We cooperate with several research institutions including the Shijia Research Center of Beijing University. We rely to a certain extent on these institutions for our development of new products. There is no assurance that these institutions will continue cooperating with us to develop new products. In the event that these institutions cease to cooperate with us and it cannot find other suitable substitute research and development partners, our ability to develop new products may be hindered and our business may be adversely affected.

RISKS RELATED TO CONDUCTING BUSINESS IN CHINA

All Of Our Assets Are Located In China And Substantially All Of Our Revenues Are Derived From Our Operations In China, And Changes In The Political And Economic Policies Of The PRC Government Could Have A Significant Impact Upon The Business We May Be Able To Conduct In The PRC And Our Results Of Operations And Financial Condition.

Our business operations may be adversely affected by the current and future political environment in the PRC. The PRC has operated as a socialist state since the mid-1900s and is controlled by the Communist Party of China. The Chinese government exerts substantial influence and control over the manner in which we must conduct our business activities. The PRC has only permitted provincial and local economic autonomy and private economic activities since the 1970s. The government of the PRC has exercised and continues to exercise substantial control over virtually every sector of the Chinese economy, particularly the pharmaceutical industry, through regulation and state ownership. Our ability to operate in China may be adversely affected by changes in Chinese laws and regulations, including those relating to taxation, import and export tariffs, raw materials, environmental regulations, land use rights, property and other matters. Under our current leadership, the government of the PRC has been pursuing economic reform policies that encourage private economic activity and greater economic decentralization. There is no assurance, however, that the government of the PRC will continue to pursue these policies, or that it will not significantly alter these policies from time to time without notice.

The PRC Laws And Regulations Governing Our Current Business Operations Are Sometimes Vague And Uncertain. Any Changes In Such PRC Laws And Regulations May Have A Material And Adverse Effect On Our Business.
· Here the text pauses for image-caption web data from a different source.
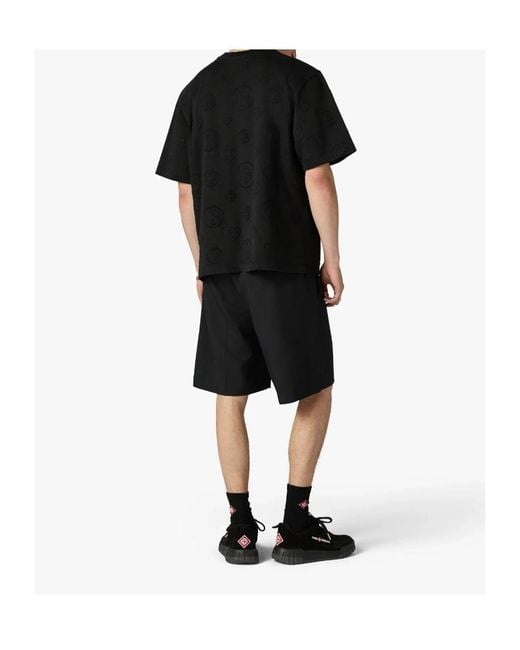 Casablanca Black Monogram Appliqué Oversized T-Shirt for men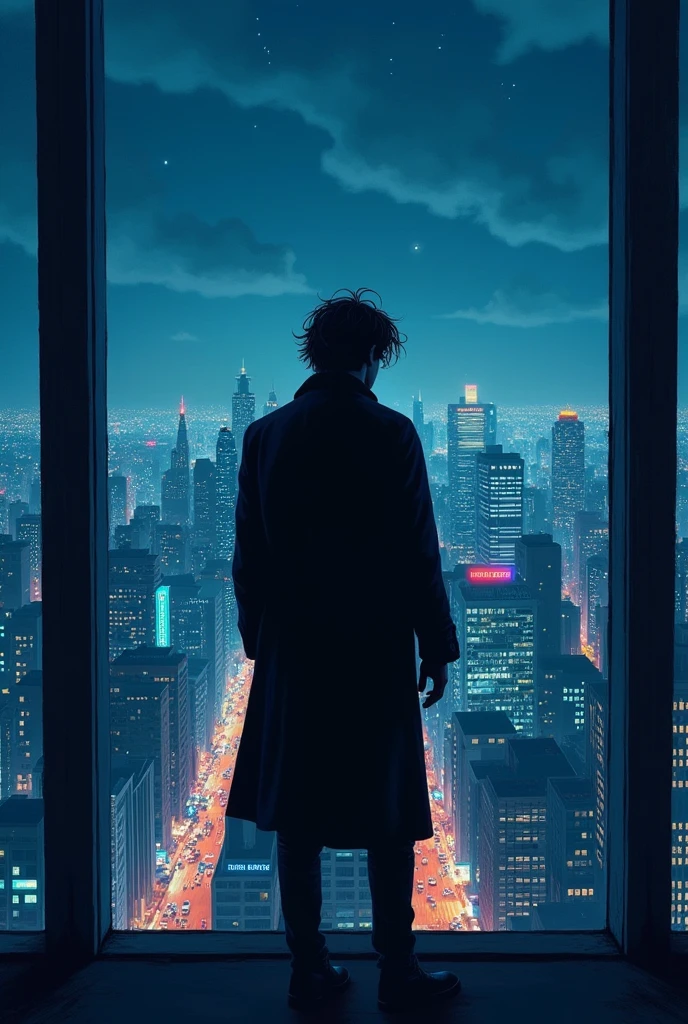 a lonely man, standing on the terrace, tall building, midnight, city life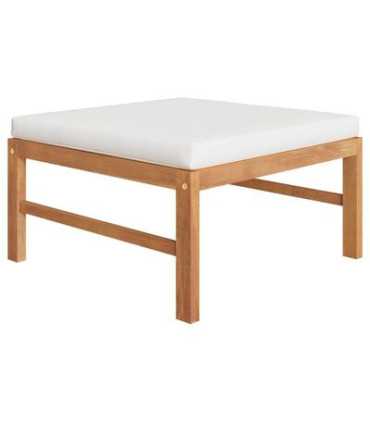 Repose pied en teck et coussin blanc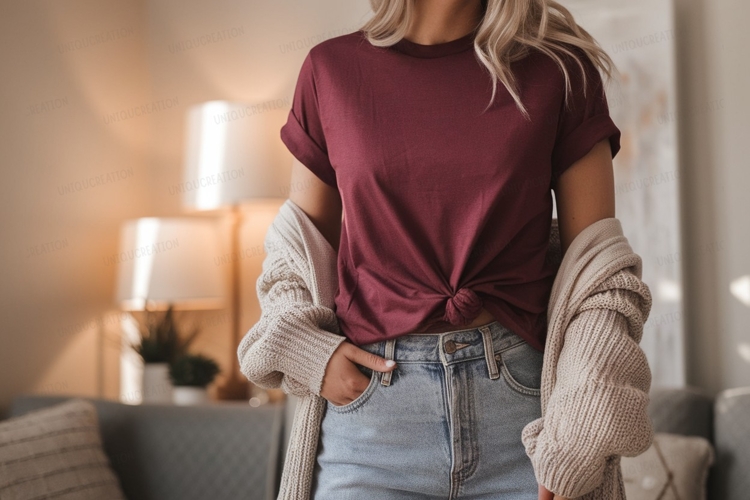 Maroon shirt light jeans cozy cardigan image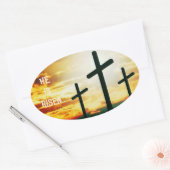 STICKER OVALE IL EST RENDU - ILLUSTRATION DE PÂQUES (Enveloppe)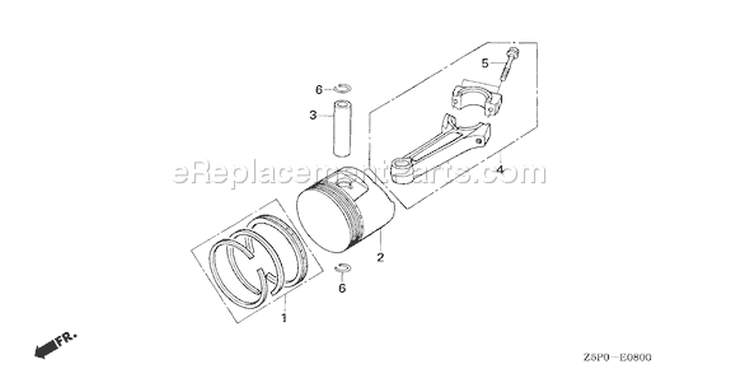 Page P Diagram and Parts List for GXV340UA2 Type DA23 - VIN# GJAMA-1000001-9999999 Honda Engine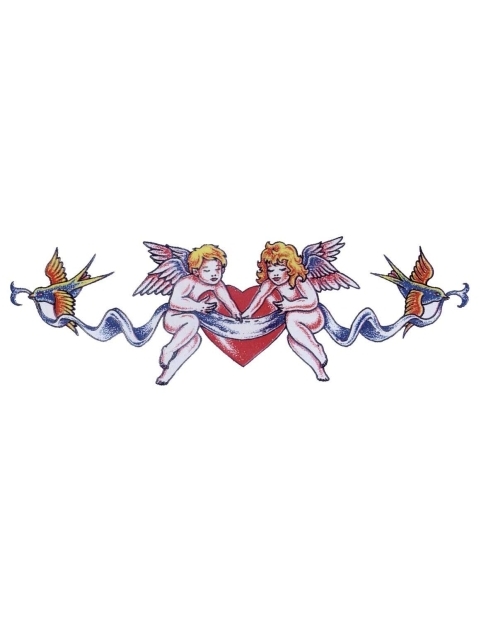 Cute Two Cupid Cherub With Heart And Flying Birds Tattoo Design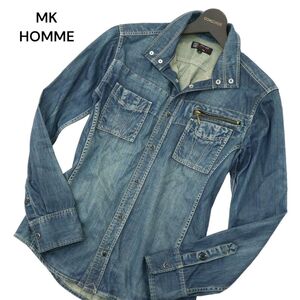 MK HOMME ミッシェルクラン オム 通年 レーヨン&コットン★ 長袖 スタンドカラー デニム シャツ Sz.46　メンズ　A4T03469_4#C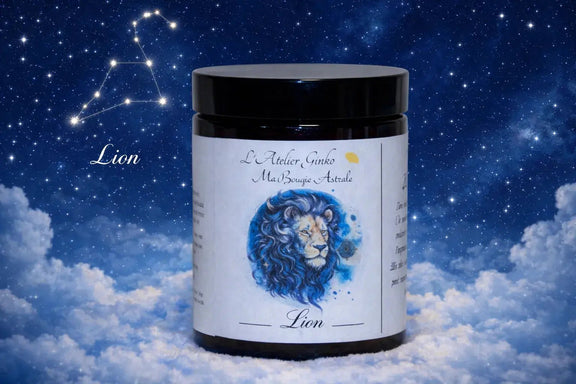 Bougie Astrologique Lion cire soja signe du zodiaque artisanale - L'Atelier Ginko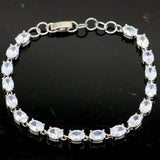 Green Tsavorite Garnet Sapphire Silver Bracelet 7.0-8.0inch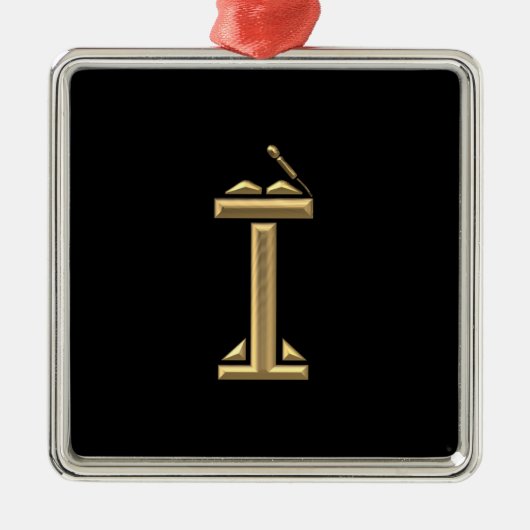 Golden "3-D" Lectern Metalen Ornament (Voorkant)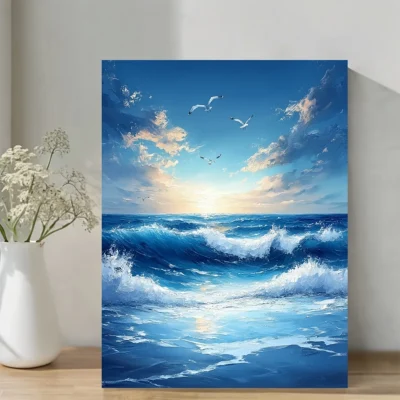 Blue Beach Ocean Waves Seagulls Wall Art Canvas Framed 40x60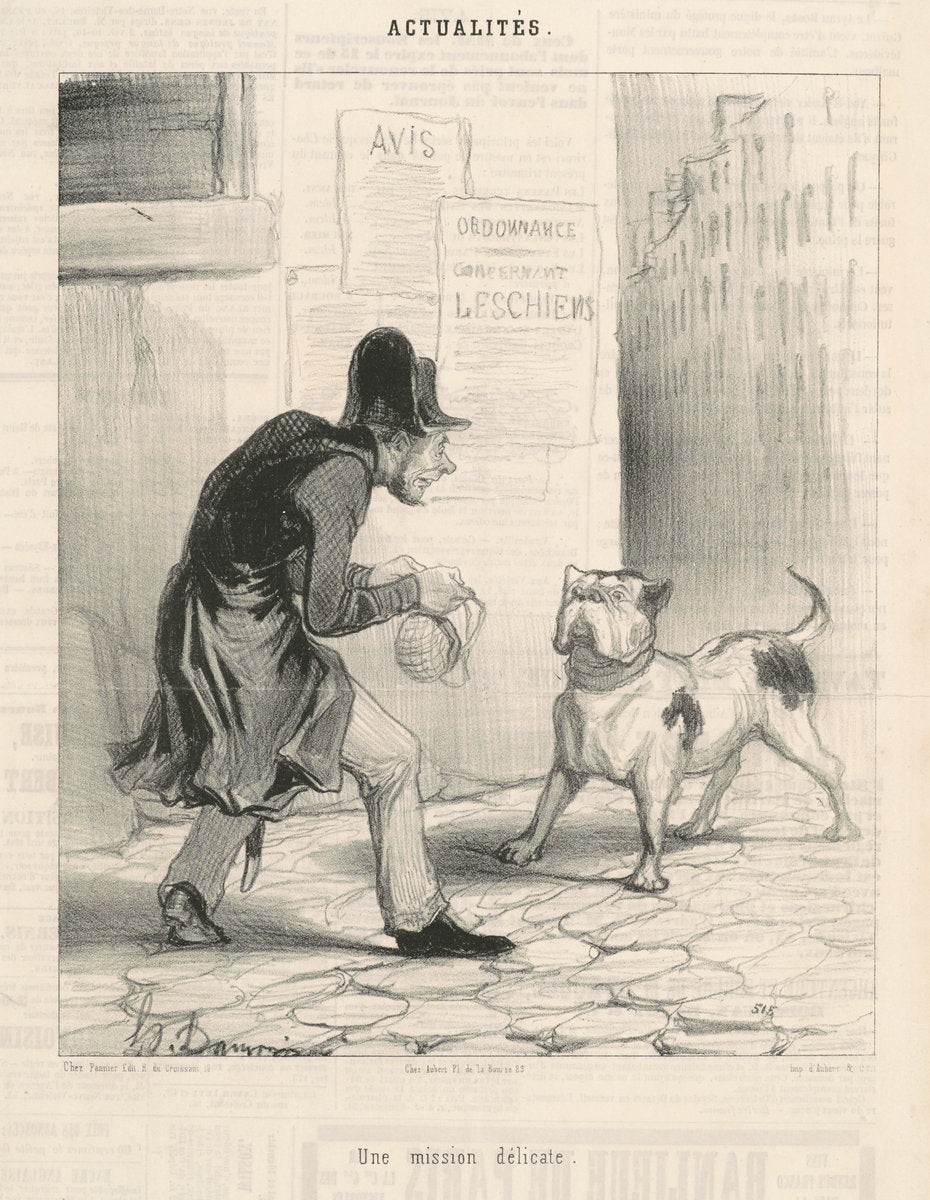Une mission délicate by Honoré Daumier (French, 1808 - 1879), 16X12"(A3)Poster Print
The PRC’s legal system is a civil law system based on written statutes, in which system decided legal cases have little value as precedents unlike the common law system prevalent in the United States. There are substantial uncertainties regarding the interpretation and application of PRC laws and regulations, including but not limited to the laws and regulations governing our business, or the enforcement and performance of our arrangements with customers in the event of the imposition of statutory liens, death, bankruptcy and criminal proceedings. The Chinese government has been developing a comprehensive system of commercial laws, and considerable progress has been made in introducing laws and regulations dealing with economic matters such as foreign investment, corporate organization and governance, commerce, taxation and trade. However, because these laws and regulations are relatively new, and because of the limited volume of published cases and judicial interpretation and their lack of force as precedents, interpretation and enforcement of these laws and regulations involve significant uncertainties. New laws and regulations that affect existing and proposed future businesses may also be applied retroactively. We are considered a foreign persons or foreign funded enterprises under PRC laws, and as a result, we are required to comply with PRC laws and regulations. We cannot predict what effect the interpretation of existing or new PRC laws or regulations may have on our businesses. If the relevant authorities find that we are in violation of PRC laws or regulations, they would have broad discretion in dealing with such a violation, including, without limitation:

 
·
levying fines;
 
 
·
revoking our business and other licenses;
 
 
·
requiring that we restructure our ownership or operations; and
 
 
·
requiring that we discontinue any portion or all of our business.
 
The Foreign Currency Exchange Rate Between U.S. Dollars And Renminbi Could Adversely Affect Our Financial Condition.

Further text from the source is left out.